How to Use: analyze_graph_mapping.py

Overview

analyze_graph_mapping.py is a comprehensive graph mapping analysis tool that shows how computational graphs are partitioned and mapped onto hardware resources. It provides detailed insight into resource allocation, utilization, bottlenecks, and optimization opportunities.

Key Capabilities:

Partition computational graphs into fused subgraphs
Map subgraphs to specific hardware architectures
Estimate power consumption and latency per subgraph
Compare multiple hardware targets side-by-side
Display hardware architecture building blocks (CUDA cores/SM, tiles, etc.)
Identify performance bottlenecks and low utilization

Target Users:

Compiler engineers optimizing graph mappings
Hardware designers evaluating architectures
ML engineers selecting deployment targets
System architects planning AI infrastructure

Installation

Requirements:

pip install torch torchvision

Verify Installation:

python3 cli/analyze_graph_mapping.py --help

Basic Usage

Single Hardware Analysis

Analyze how a model maps to a single hardware target:

python3 cli/analyze_graph_mapping.py \
  --model resnet18 \
  --hardware H100

Output Sections:

Model Information: Name, batch size, precision
Graph Partitioning: Total subgraphs, FLOPs, memory
Hardware Specifications: Architecture, peak GOPS, bandwidth, TDP
Hardware Building Blocks: CUDA cores/SM, ops/clock, total compute
Subgraph Table: Per-subgraph allocation, utilization, latency, power
Execution Summary: Total latency, average power, FPS, energy/inference

Hardware Comparison

Compare the same model across multiple hardware targets:

python3 cli/analyze_graph_mapping.py \
  --model resnet50 \
  --compare "H100,Jetson-Orin-AGX,KPU-T256"

Comparison Output:

Hardware Architecture Legend: Building block specs for each target
Comparison Table: 20+ metrics side-by-side
Detailed Subgraph Comparison: Allocation patterns across hardware
Performance Ranking: Sorted by latency
Energy Efficiency Ranking: Sorted by mJ/inference

Command-Line Arguments

Required Arguments (One Of)

Argument	Type	Description
`--hardware`	str	Single hardware target name
`--compare`	str	Comma-separated hardware names for comparison

Important: You must specify either --hardware OR --compare, but not both.

Model Configuration

Argument	Type	Default	Description
`--model`	str	resnet18	Model name (see Available Models)
`--batch-size`	int	1	Input batch size
`--precision`	str	fp32	Numeric precision: fp32, fp16, bf16, int8

Power/Thermal Configuration

Argument	Type	Default	Description
`--thermal-profile`	str	-	Target power budget (e.g., "30W", "7W")

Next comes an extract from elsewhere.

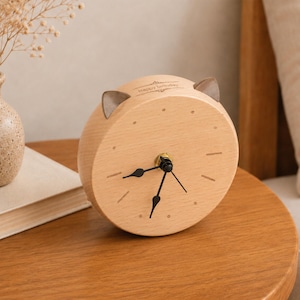 May include: A round light-coloured wooden analogue clock with two small cat-like ears on top. The clock face features black hands, simple hour markers, and the text "Happy Birthday" printed in a small font near the top edge of the wooden frame.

Note: If --thermal-profile is not specified, the tool uses the hardware's default TDP.

Output Control

Argument	Type	Default	Description
`--verbose`	flag	False	Enable detailed debug output

Available Hardware

Datacenter GPUs

H100 - NVIDIA H100 SXM5 (80 GB, 700W TDP)
H100-PCIe - NVIDIA H100 PCIe (80 GB, 350W TDP)
A100 - NVIDIA A100 SXM4 (80 GB, 400W TDP)
A100-PCIe - NVIDIA A100 PCIe (40 GB, 250W TDP)
V100 - NVIDIA V100 (32 GB, 300W TDP)
T4 - NVIDIA T4 (16 GB, 70W TDP)

Edge GPUs

Jetson-Orin-AGX - NVIDIA Jetson AGX Orin (64 GB, 15W-60W)
Jetson-Orin-Nano - NVIDIA Jetson Orin Nano (4-8 GB, 7W-15W)
Jetson-Thor - NVIDIA Jetson Thor (Blackwell 2025)

Datacenter CPUs

Xeon-8490H - Intel Xeon Platinum 8490H (60-core, 350W)
Xeon-8592plus - Intel Xeon Platinum 8592+ (64-core, 350W)
Granite-Rapids - Intel Granite Rapids (128-core, 500W)
EPYC-9654 - AMD EPYC 9654 (96-core, 360W)
EPYC-9754 - AMD EPYC 9754 (128-core, 360W)
EPYC-Turin - AMD EPYC Turin (128-core, 500W)
AmpereOne-192 - Ampere AmpereOne (192-core, 350W)
AmpereOne-128 - Ampere AmpereOne (128-core, 250W)

Consumer CPUs

i7-12700K - Intel Core i7-12700K (12-core, 125W)
Ryzen-7-5800X - AMD Ryzen 7 5800X (8-core, 105W)

TPU Accelerators

TPU-v4 - Google TPU v4 (350W TDP)
Coral-Edge-TPU - Google Coral Edge TPU (2W TDP)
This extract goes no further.